Data for review |
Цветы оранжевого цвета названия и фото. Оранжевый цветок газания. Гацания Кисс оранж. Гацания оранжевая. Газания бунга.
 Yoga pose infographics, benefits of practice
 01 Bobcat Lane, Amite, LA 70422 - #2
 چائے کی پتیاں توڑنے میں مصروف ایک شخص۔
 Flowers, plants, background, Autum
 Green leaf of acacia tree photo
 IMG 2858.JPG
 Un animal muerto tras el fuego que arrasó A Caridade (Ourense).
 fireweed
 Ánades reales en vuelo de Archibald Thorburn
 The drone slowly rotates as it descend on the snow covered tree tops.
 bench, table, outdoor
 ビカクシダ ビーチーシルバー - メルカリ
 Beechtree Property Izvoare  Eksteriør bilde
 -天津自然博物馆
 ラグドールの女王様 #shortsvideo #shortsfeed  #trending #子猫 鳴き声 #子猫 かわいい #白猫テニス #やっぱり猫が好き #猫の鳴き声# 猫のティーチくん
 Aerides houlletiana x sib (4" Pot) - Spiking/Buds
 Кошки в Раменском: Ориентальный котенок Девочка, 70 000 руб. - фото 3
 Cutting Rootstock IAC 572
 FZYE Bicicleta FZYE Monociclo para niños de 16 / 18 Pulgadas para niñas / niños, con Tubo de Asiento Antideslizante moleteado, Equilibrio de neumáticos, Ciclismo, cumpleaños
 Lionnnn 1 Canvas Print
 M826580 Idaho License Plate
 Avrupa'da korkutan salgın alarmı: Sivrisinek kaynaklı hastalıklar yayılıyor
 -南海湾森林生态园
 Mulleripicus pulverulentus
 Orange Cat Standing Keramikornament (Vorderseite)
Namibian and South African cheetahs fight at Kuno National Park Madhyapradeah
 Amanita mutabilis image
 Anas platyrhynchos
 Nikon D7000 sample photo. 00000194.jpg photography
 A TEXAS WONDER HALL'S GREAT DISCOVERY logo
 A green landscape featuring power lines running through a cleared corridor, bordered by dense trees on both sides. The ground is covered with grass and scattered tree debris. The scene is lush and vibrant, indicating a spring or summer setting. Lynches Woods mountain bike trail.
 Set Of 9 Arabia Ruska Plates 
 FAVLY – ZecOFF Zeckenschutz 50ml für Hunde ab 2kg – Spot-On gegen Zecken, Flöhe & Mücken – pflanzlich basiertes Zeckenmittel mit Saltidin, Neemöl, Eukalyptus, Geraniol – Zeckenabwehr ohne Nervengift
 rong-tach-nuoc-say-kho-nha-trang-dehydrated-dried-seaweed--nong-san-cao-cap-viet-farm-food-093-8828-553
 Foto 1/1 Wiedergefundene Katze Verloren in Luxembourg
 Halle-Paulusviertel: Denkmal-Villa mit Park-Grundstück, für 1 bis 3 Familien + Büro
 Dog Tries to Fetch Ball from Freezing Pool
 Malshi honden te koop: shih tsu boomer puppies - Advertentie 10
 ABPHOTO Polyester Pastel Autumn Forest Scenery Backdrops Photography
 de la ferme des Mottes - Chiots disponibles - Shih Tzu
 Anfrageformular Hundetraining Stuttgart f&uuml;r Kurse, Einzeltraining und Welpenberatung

Directions for this task | Nothing but the lines from the beginning of the records through the line with "Set Of 9 Arabia Ruska Plates" should appear, each printed exactly.

Answer area |
Цветы оранжевого цвета названия и фото. Оранжевый цветок газания. Гацания Кисс оранж. Гацания оранжевая. Газания бунга.
 Yoga pose infographics, benefits of practice
 01 Bobcat Lane, Amite, LA 70422 - #2
 چائے کی پتیاں توڑنے میں مصروف ایک شخص۔
 Flowers, plants, background, Autum
 Green leaf of acacia tree photo
 IMG 2858.JPG
 Un animal muerto tras el fuego que arrasó A Caridade (Ourense).
 fireweed
 Ánades reales en vuelo de Archibald Thorburn
 The drone slowly rotates as it descend on the snow covered tree tops.
 bench, table, outdoor
 ビカクシダ ビーチーシルバー - メルカリ
 Beechtree Property Izvoare  Eksteriør bilde
 -天津自然博物馆
 ラグドールの女王様 #shortsvideo #shortsfeed  #trending #子猫 鳴き声 #子猫 かわいい #白猫テニス #やっぱり猫が好き #猫の鳴き声# 猫のティーチくん
 Aerides houlletiana x sib (4" Pot) - Spiking/Buds
 Кошки в Раменском: Ориентальный котенок Девочка, 70 000 руб. - фото 3
 Cutting Rootstock IAC 572
 FZYE Bicicleta FZYE Monociclo para niños de 16 / 18 Pulgadas para niñas / niños, con Tubo de Asiento Antideslizante moleteado, Equilibrio de neumáticos, Ciclismo, cumpleaños
 Lionnnn 1 Canvas Print
 M826580 Idaho License Plate
 Avrupa'da korkutan salgın alarmı: Sivrisinek kaynaklı hastalıklar yayılıyor
 -南海湾森林生态园
 Mulleripicus pulverulentus
 Orange Cat Standing Keramikornament (Vorderseite)
Namibian and South African cheetahs fight at Kuno National Park Madhyapradeah
 Amanita mutabilis image
 Anas platyrhynchos
 Nikon D7000 sample photo. 00000194.jpg photography
 A TEXAS WONDER HALL'S GREAT DISCOVERY logo
 A green landscape featuring power lines running through a cleared corridor, bordered by dense trees on both sides. The ground is covered with grass and scattered tree debris. The scene is lush and vibrant, indicating a spring or summer setting. Lynches Woods mountain bike trail.
 Set Of 9 Arabia Ruska Plates 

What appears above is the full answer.